In the entries below, begin at the line with "INSEMINACIÓN ARTIFICIAL EN" and stop after the line with "Cherry Tree Montipora"; output those lines exactly and omit the pictures.

Top of Given records

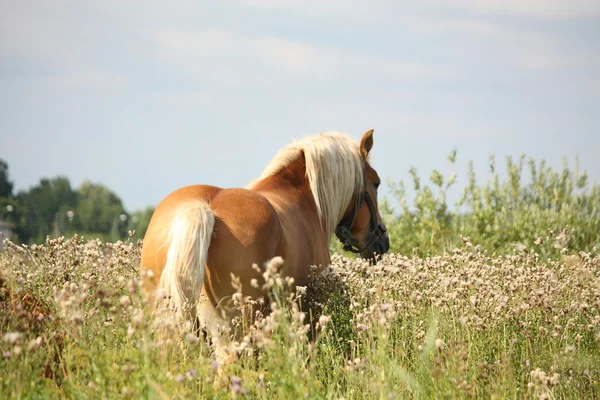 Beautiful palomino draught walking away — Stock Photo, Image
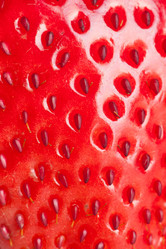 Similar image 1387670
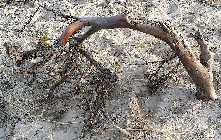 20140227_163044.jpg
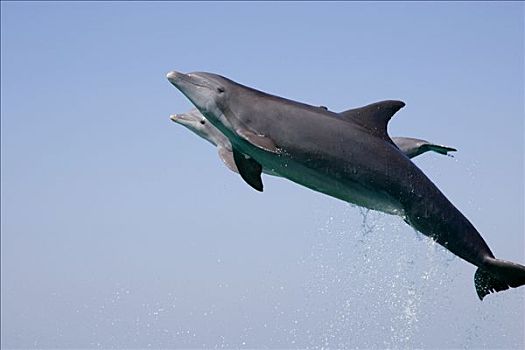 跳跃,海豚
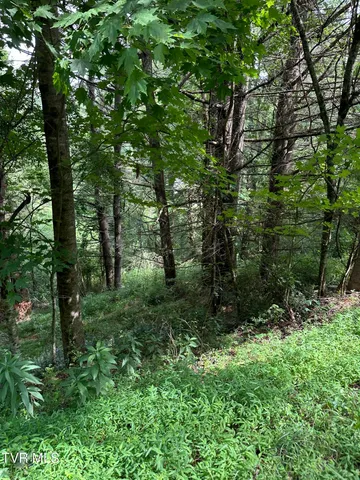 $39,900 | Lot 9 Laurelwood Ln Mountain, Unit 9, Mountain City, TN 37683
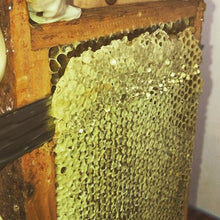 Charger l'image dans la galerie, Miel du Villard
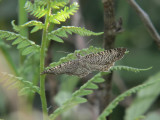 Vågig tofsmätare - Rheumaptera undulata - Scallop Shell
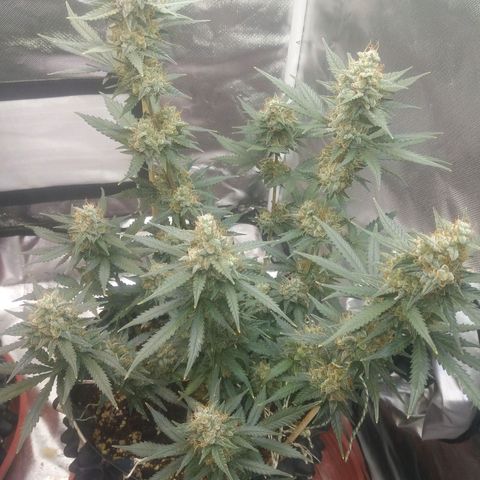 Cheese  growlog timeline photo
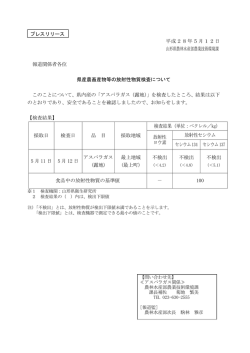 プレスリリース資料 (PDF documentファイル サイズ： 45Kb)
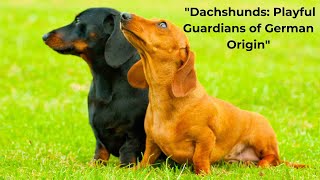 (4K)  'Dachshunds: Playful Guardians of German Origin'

Bottom of Given records
Top of Given records

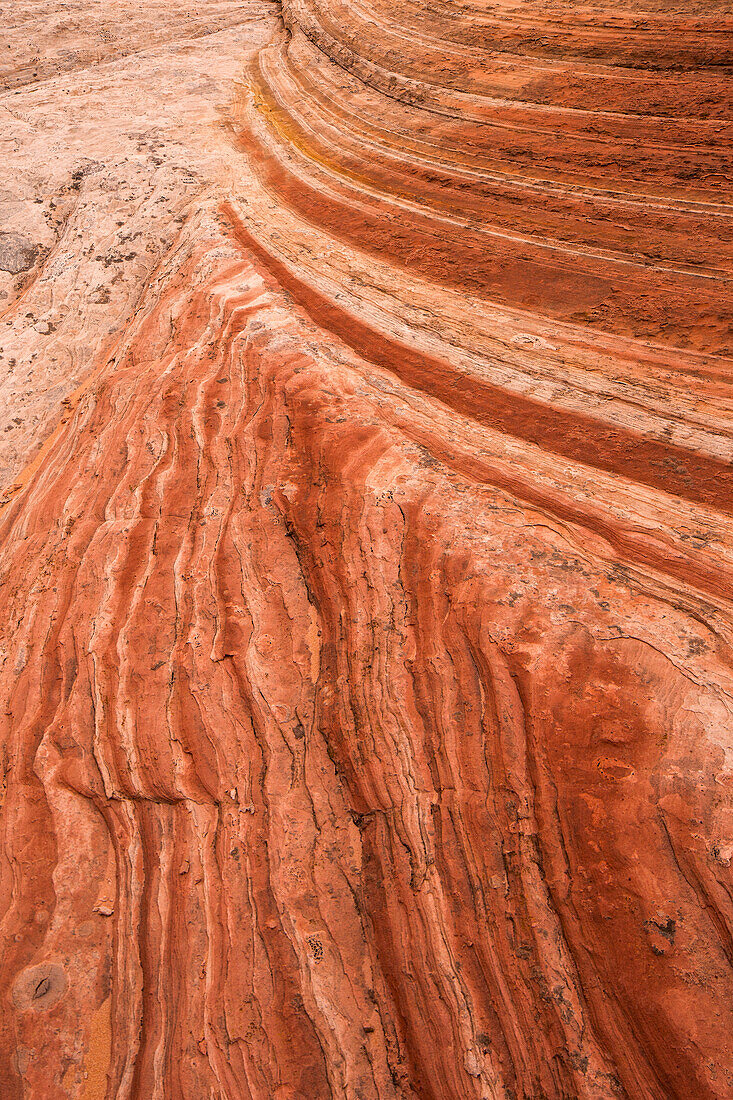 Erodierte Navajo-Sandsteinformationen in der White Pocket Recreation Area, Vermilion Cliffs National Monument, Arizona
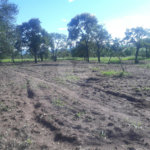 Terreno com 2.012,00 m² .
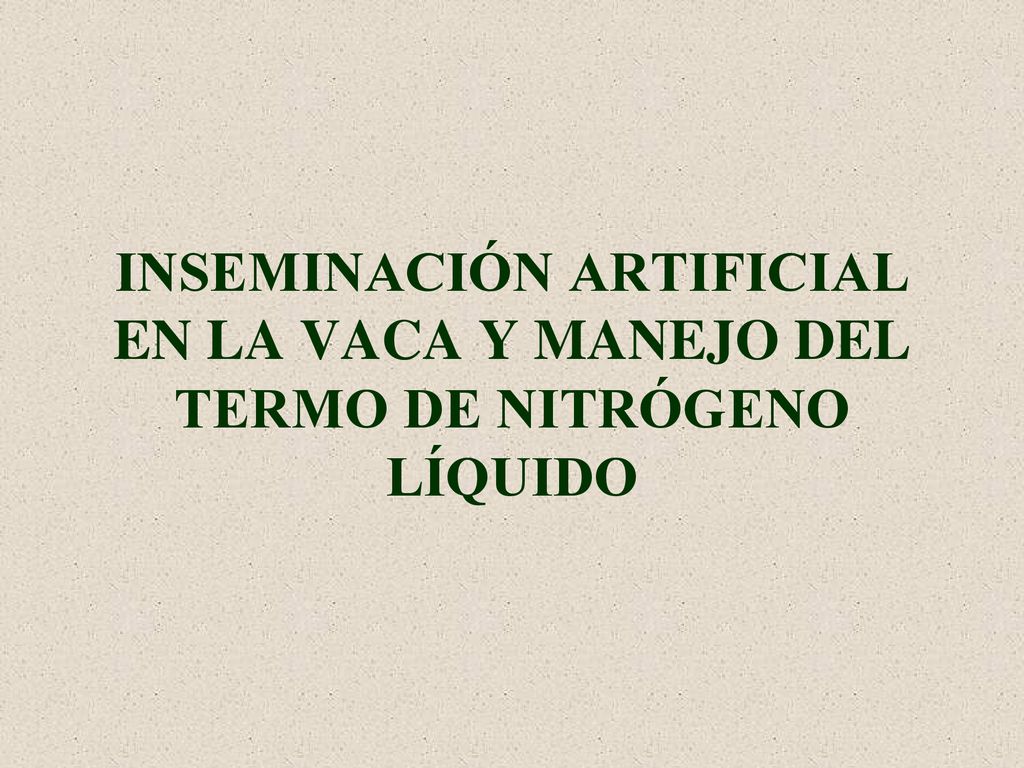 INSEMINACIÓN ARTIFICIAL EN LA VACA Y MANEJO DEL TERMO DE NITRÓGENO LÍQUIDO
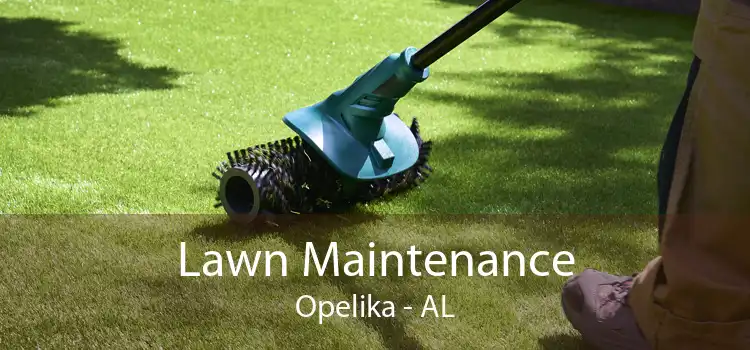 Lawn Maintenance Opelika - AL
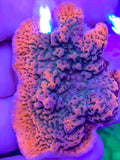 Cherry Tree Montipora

Bottom of Given records

_Solution to the exercise_.
 INSEMINACIÓN ARTIFICIAL EN LA VACA Y MANEJO DEL TERMO DE NITRÓGENO LÍQUIDO
 Lawn Maintenance Opelika - AL
 Cherry Tree Montipora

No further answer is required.